> _Exercise input_

+ + + + + + +

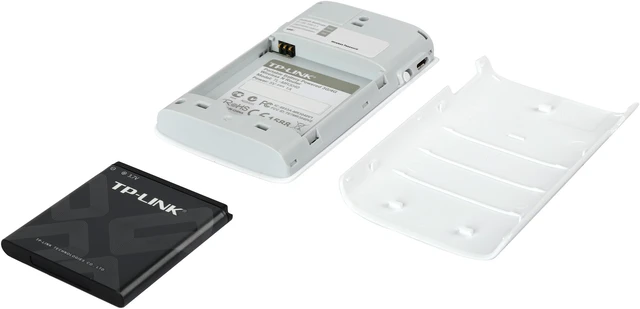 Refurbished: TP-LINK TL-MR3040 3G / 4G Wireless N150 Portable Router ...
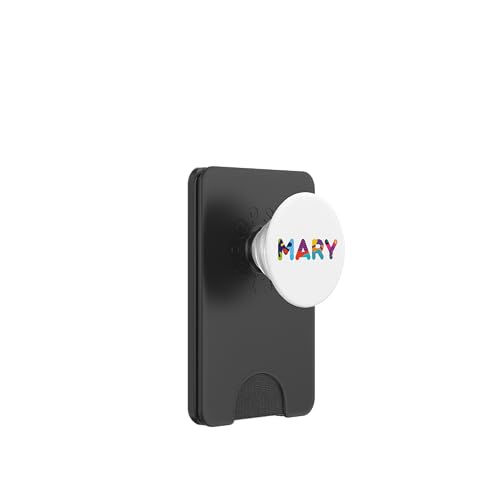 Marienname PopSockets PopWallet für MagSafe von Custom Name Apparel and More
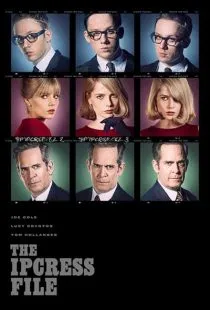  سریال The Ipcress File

+ + + + + + +

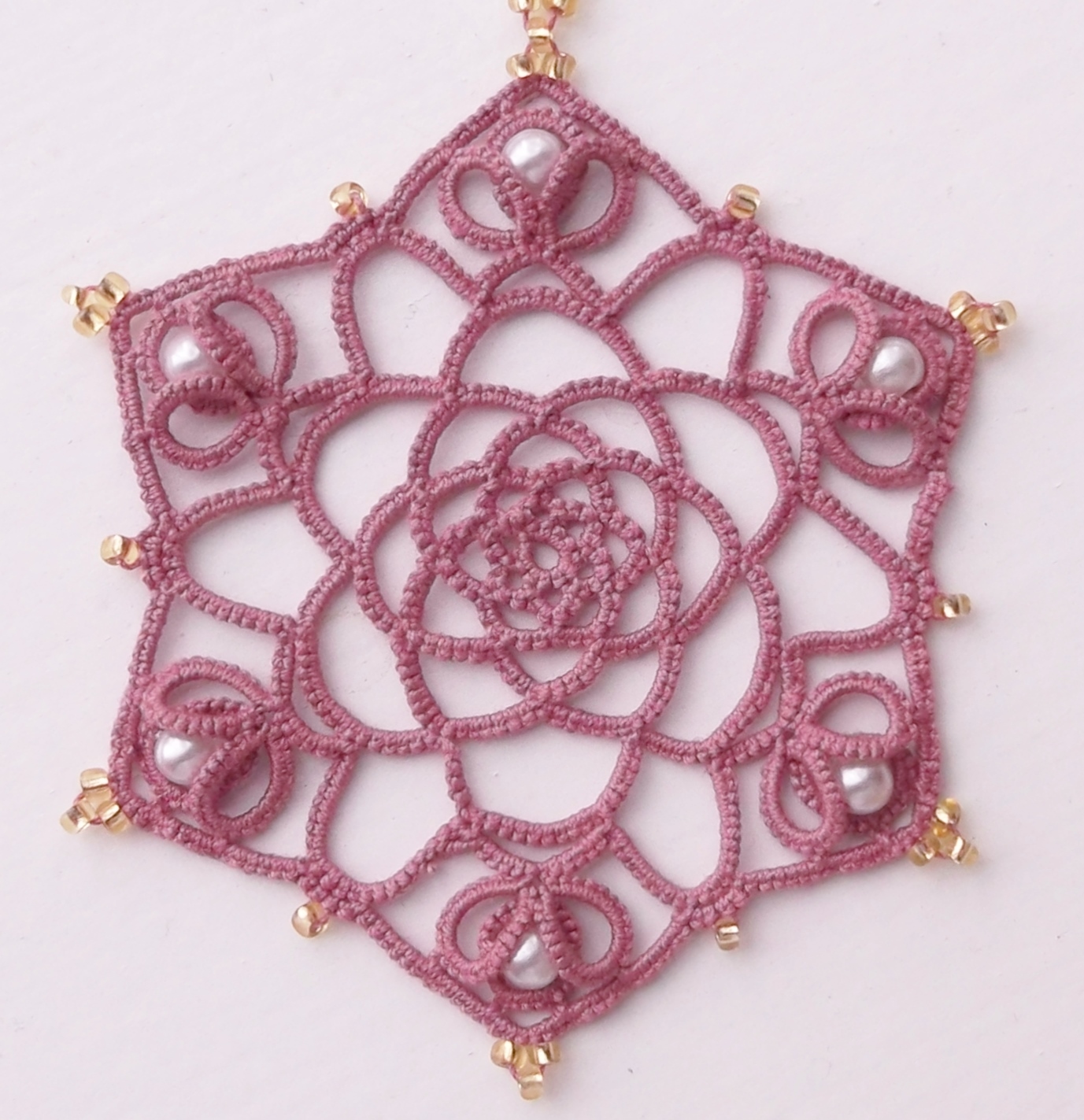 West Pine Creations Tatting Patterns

+ + + + + + +

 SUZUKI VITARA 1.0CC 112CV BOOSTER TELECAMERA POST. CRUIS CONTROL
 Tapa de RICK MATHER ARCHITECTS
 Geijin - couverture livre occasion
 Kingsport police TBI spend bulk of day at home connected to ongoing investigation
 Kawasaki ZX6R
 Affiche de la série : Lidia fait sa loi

+ + + + + + +

> _Your instructions_
In the listing above, find the line with "Marienname PopSockets PopWallet" and the line with "سریال The Ipcress File". Copy exactly those two and every line between, without the pictures.

> _Result below_
 Marienname PopSockets PopWallet für MagSafe von Custom Name Apparel and More
  سریال The Ipcress File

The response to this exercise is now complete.